Autoparallelism (running on multiple GPUs)ยค
It's very common to have a machine with multiple GPUs, and to seek to parallelise your computation over them.
JAX has a number of advanced APIs to support this. The main technique is to "shard" an array, so that each device holds part of the array.
In this example, we'll parallelise our computation (usually it's a training step) over 8 devices, so that each device gets 1/8 of the batch of data.
First let's import everything, and set up our toy problem.
import equinox as eqx
import jax
import jax.experimental.mesh_utils as mesh_utils
import jax.numpy as jnp
import jax.random as jr
import jax.sharding as sharding
import numpy as np
import optax # https://github.com/deepmind/optax
# Hyperparameters
dataset_size = 64
channel_size = 4
hidden_size = 32
depth = 1
learning_rate = 3e-4
num_steps = 10
batch_size = 16 # must be a multiple of our number of devices.

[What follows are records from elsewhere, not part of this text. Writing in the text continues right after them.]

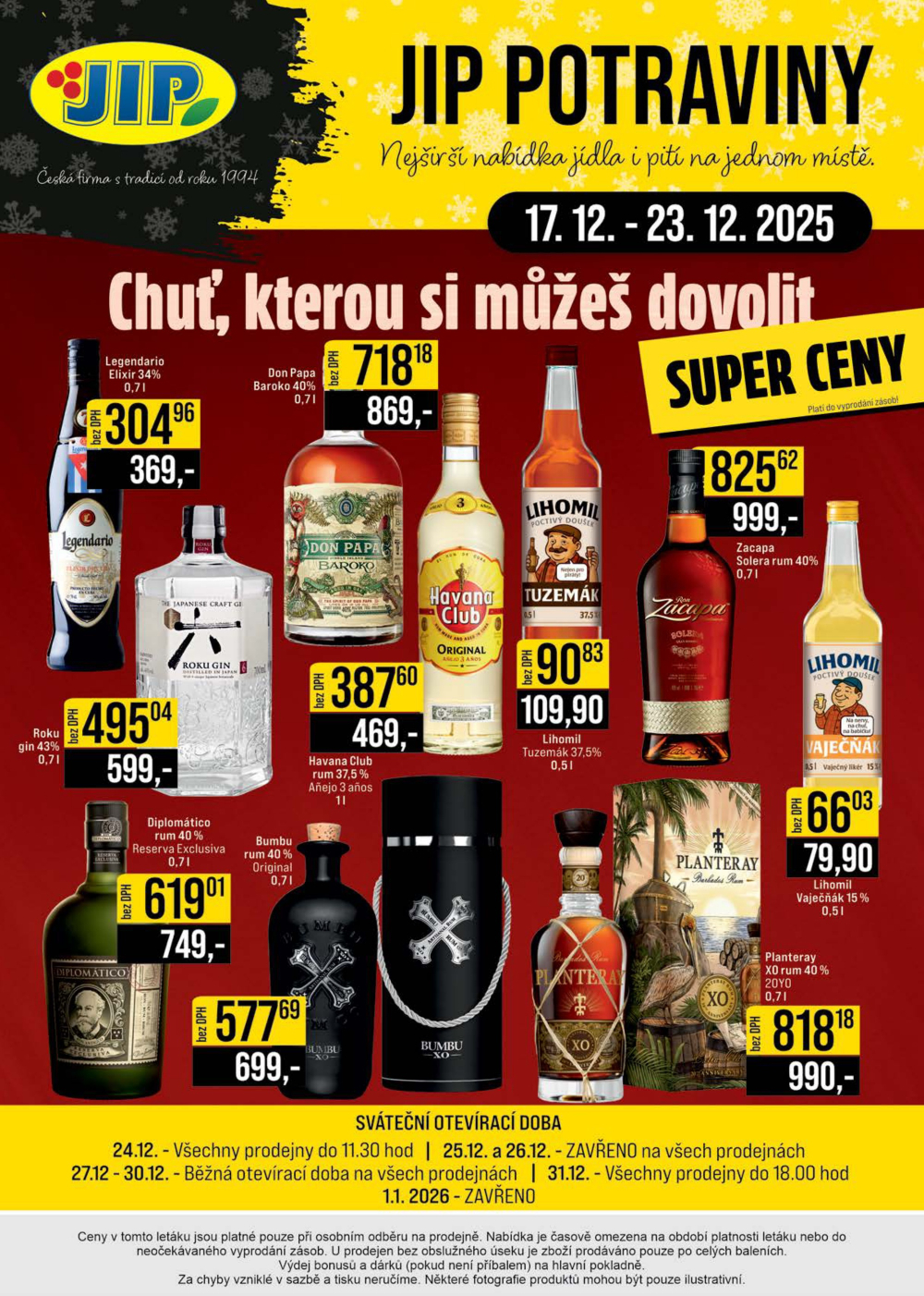 Leták JIP leták CC Cash & Carry - České Budějovice, Most, Náchod, Svoboda nad Úpou, Sušice - strana 28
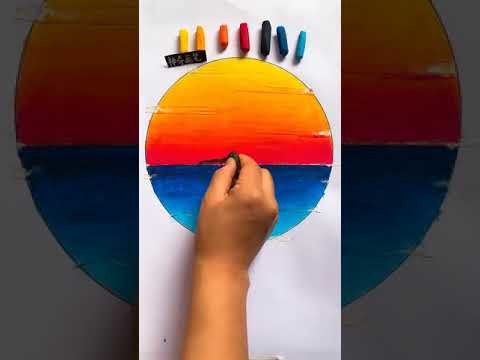 Amazing Drawing | How To Draw & Paint Step By Step | Easy Drawing And Painting Videos #Shorts #213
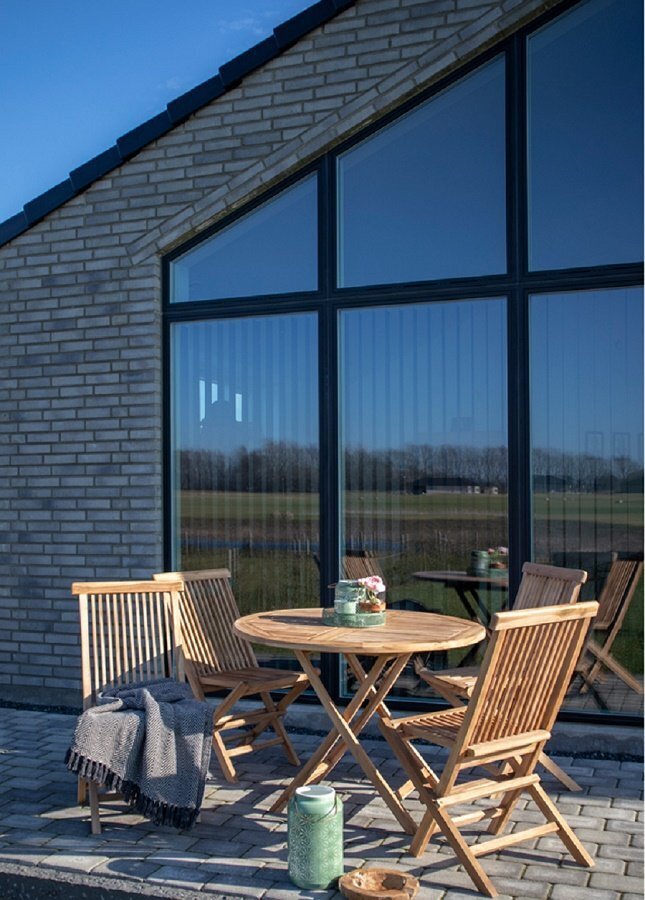 House N Toledo Teak Dining Chair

# Generate some synthetic data
xs = np.random.normal(size=(dataset_size, channel_size))
ys = np.sin(xs)
model = eqx.nn.MLP(channel_size, channel_size, hidden_size, depth, key=jr.PRNGKey(6789))
optim = optax.adam(learning_rate)
opt_state = optim.init(eqx.filter(model, eqx.is_inexact_array))
def compute_loss(model, x, y):
pred_y = jax.vmap(model)(x)
return jnp.mean((y - pred_y) ** 2)
@eqx.filter_jit
def make_step(model, opt_state, x, y):
grads = eqx.filter_grad(compute_loss)(model, x, y)
updates, opt_state = optim.update(grads, opt_state)
model = eqx.apply_updates(model, updates)
return model, opt_state
Here's a very simple dataloader, that randomly shuffles and slices our dataset. We keep everything in pure-NumPy for speed, as this all happens on the host, prior to moving our data to our devices. (Which will often be a cluster of GPUs.)
In practice it's also common to load data using either PyTorch's DataLoader
or TensorFlow's tf.data
API; see here for more details.
def dataloader(arrays, batch_size):
dataset_size = arrays[0].shape[0]
assert all(array.shape[0] == dataset_size for array in arrays)
indices = np.arange(dataset_size)
while True:
perm = np.random.permutation(indices)
start = 0
end = batch_size
while end <= dataset_size:
batch_perm = perm[start:end]
yield tuple(array[batch_perm] for array in arrays)
start = end
end = start + batch_size
Now the magic: create our sharding object, move our data on to our devices, and run the code.
num_devices = len(jax.devices())
devices = mesh_utils.create_device_mesh((num_devices, 1))
shard = sharding.PositionalSharding(devices)
for step, (x, y) in zip(range(num_steps), dataloader((xs, ys), batch_size)):
x, y = jax.device_put((x, y), shard)
model, opt_state = make_step(model, opt_state, x, y)
That's it!
Once you've specified how you want to split up your input data, then JAX does the rest of it for you! It takes your single JIT'd computation (which you wrote as if you were targeting a single huge device), and it then automatically determined how to split up that computation and have each device handle part of the computation. This is JAX's computation-follows-data approach to autoparallelism.
If you ran the above example on a cluster of NVIDIA GPUs, then you can check whether you're using as many GPUs as you expected by running nvidia-smi
from the command line. You can also use jax.debug.visualize_array_sharding(array)
to inspect the sharding manually.
One possible optimisation here is to re-use the memory used by the input arrays, to store the output arrays. This often improves speed a little bit. This is disabled by default, but can be enabled by passing eqx.filter_jit(donate="all")
.
What about pmap?
The JAX team have been hard at work introducing these new easy-to-use parallelism features, based around JIT and sharding. These are often faster and more expressive than pmap, so pmap is no longer recommended!
Types of parallelism
There are multiple types of parallelism. In this example we demonstrated data parallelism, in which we parallelise over the data. This is one of the simplest to set up, and often very effective.
For completeness we note that there are other kinds of parallelism available -- e.g. model parallelism, which instead places different parts of the model on different devices. A discussion on those is a more advanced topic. :)
Further reading
Equinox works smoothly with all the built-in parallelism APIs provided by JAX. If you want to know more, then the relevant parts of the JAX documentation are:
- Distributed arrays and automatic parallelization: a first introduction to JAX's autoparallelism APIs.
- Using JAX in multi-host and multi-process environments: an advanced discussion on running JAX with multiple hosts. (In this example we had a single "host" -- the driving Python script -- and multiple "devices" -- the GPUs we were farming work out to.)
- shmap (shard_map) for simple per-device code: an experimental new API for explicitly controlling how a computation should be split across devices.